__Problem__. The answer must consist solely of the lines below starting at the one containing "Sala para venda" and ending at the one containing "Paris Saint-Germain 2026/27", repeated exactly, with both ends included and all pictures omitted.

__Data under study__.
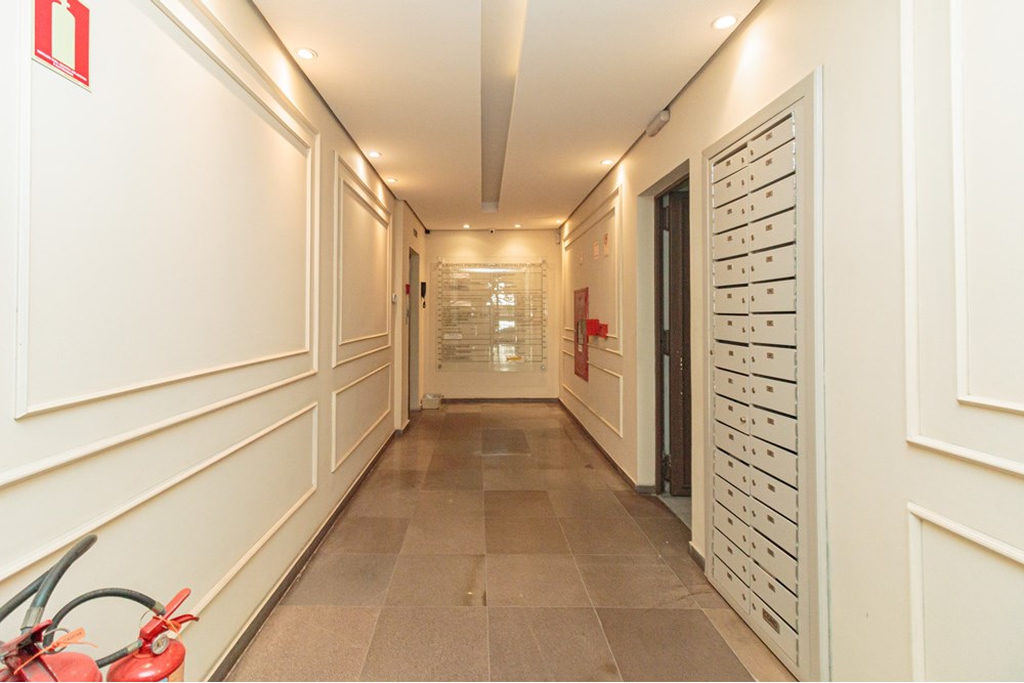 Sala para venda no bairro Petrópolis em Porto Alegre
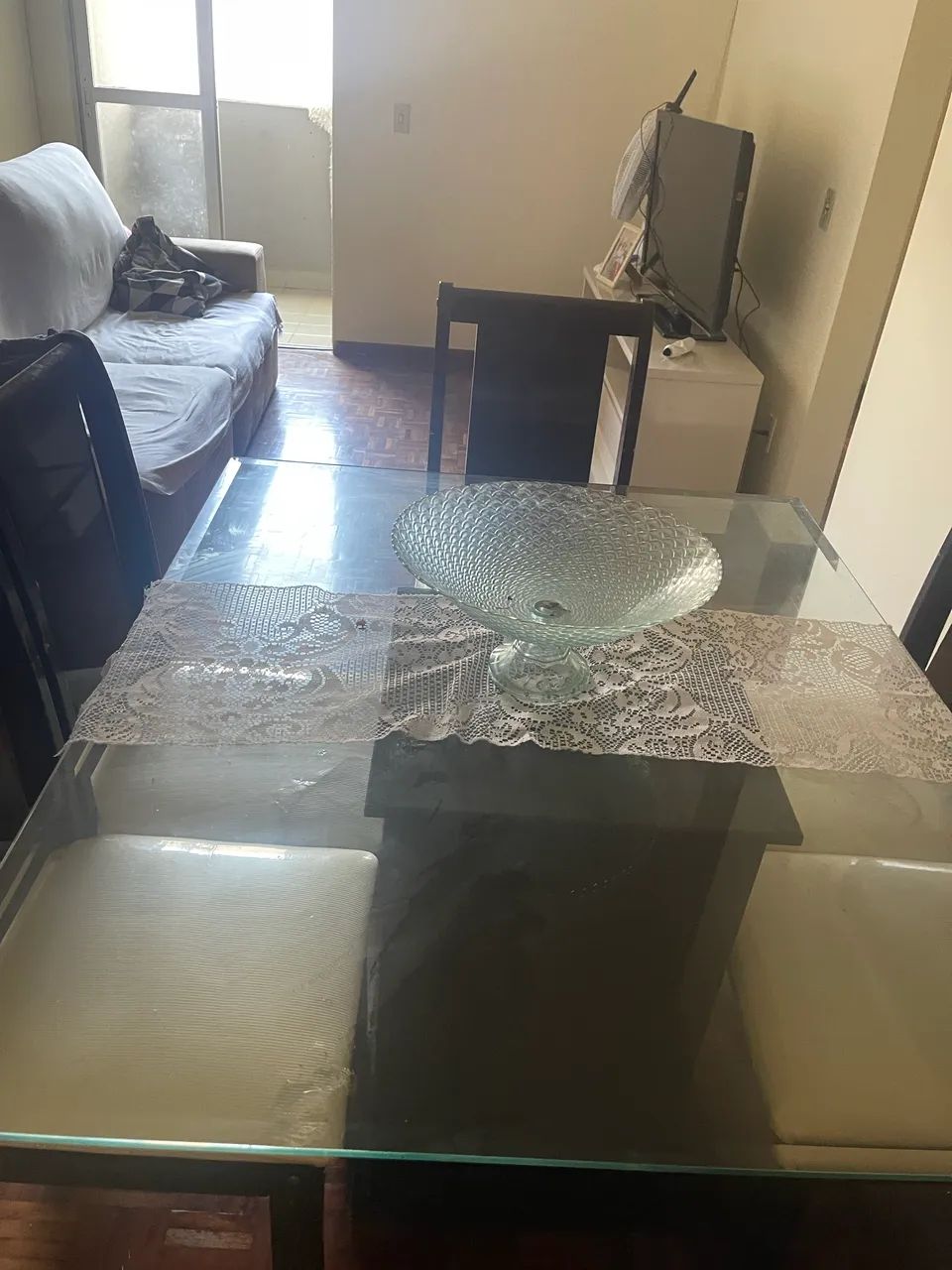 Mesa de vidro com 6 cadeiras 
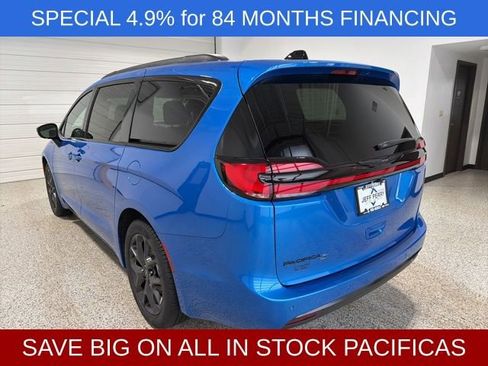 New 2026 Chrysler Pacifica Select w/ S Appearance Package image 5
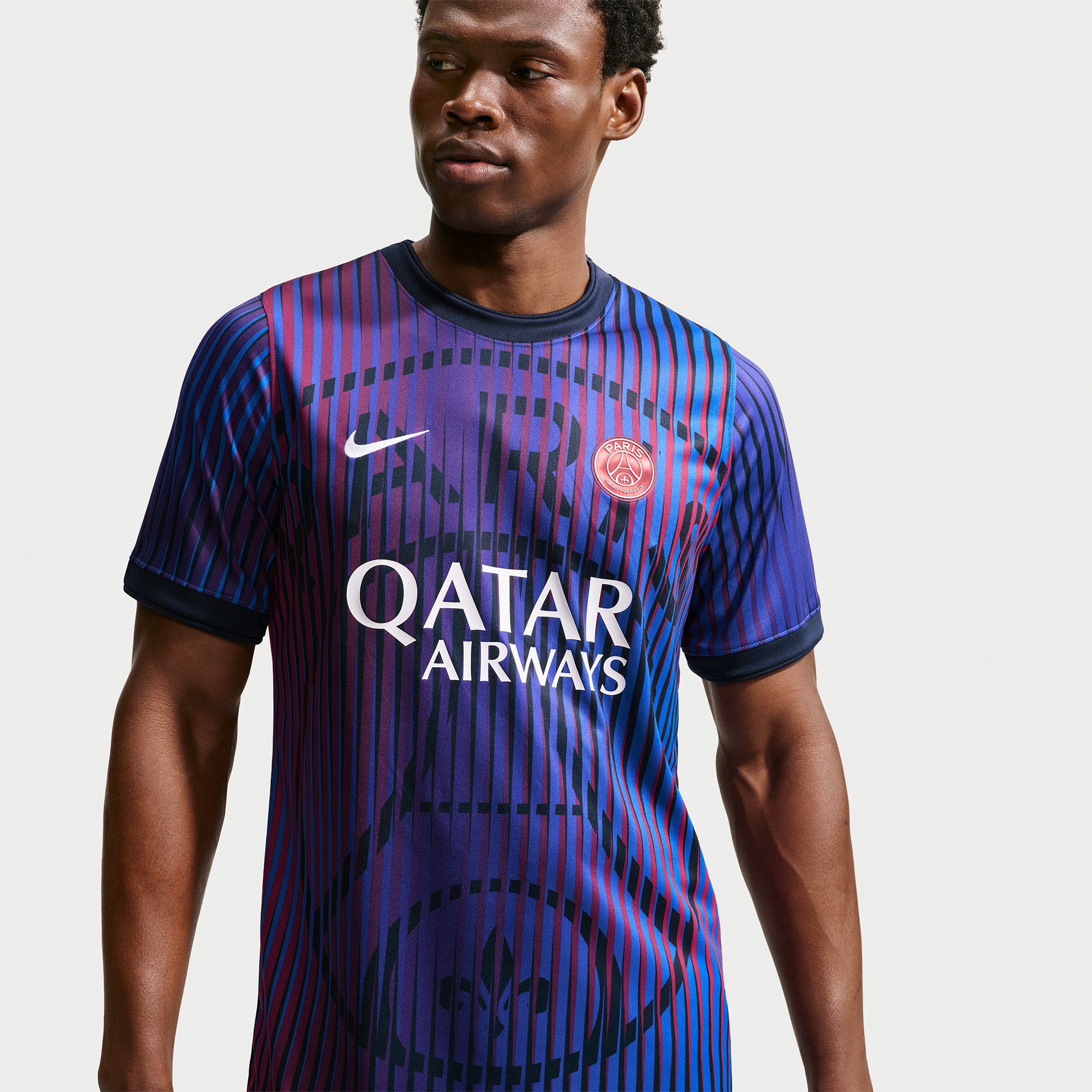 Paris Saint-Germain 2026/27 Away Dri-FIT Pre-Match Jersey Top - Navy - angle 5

---

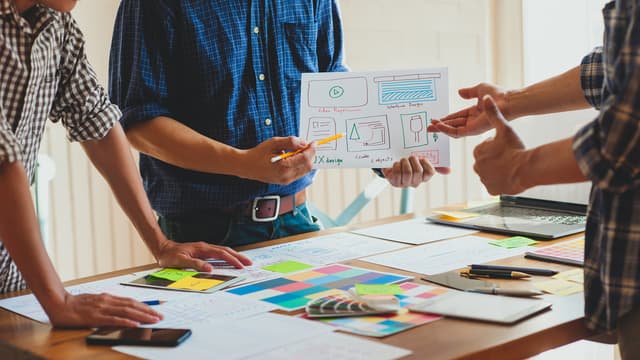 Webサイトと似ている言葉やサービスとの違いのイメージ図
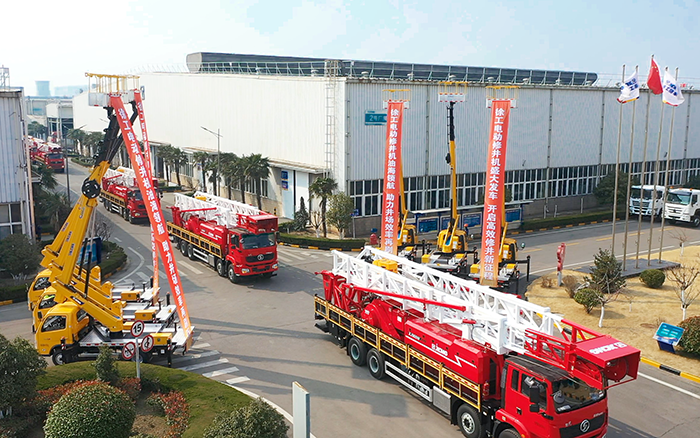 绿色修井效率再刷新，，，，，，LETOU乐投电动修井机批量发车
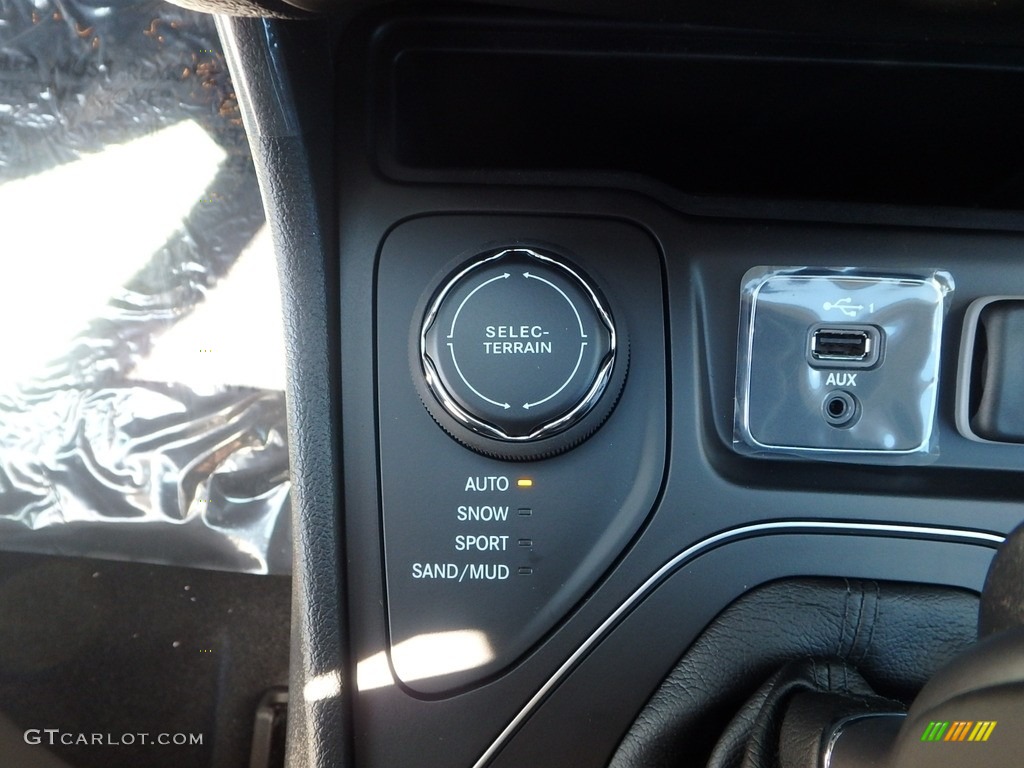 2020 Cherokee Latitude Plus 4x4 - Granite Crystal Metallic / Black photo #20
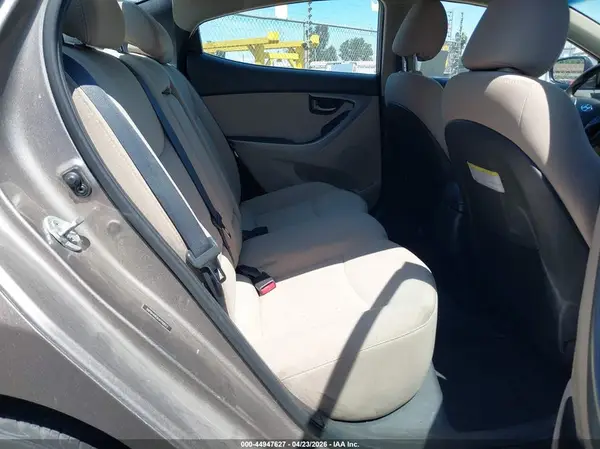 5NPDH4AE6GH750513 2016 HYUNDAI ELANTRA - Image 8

__Solved problem__.
 Sala para venda no bairro Petrópolis em Porto Alegre
 Mesa de vidro com 6 cadeiras 
 New 2026 Chrysler Pacifica Select w/ S Appearance Package image 5
 Paris Saint-Germain 2026/27 Away Dri-FIT Pre-Match Jersey Top - Navy - angle 5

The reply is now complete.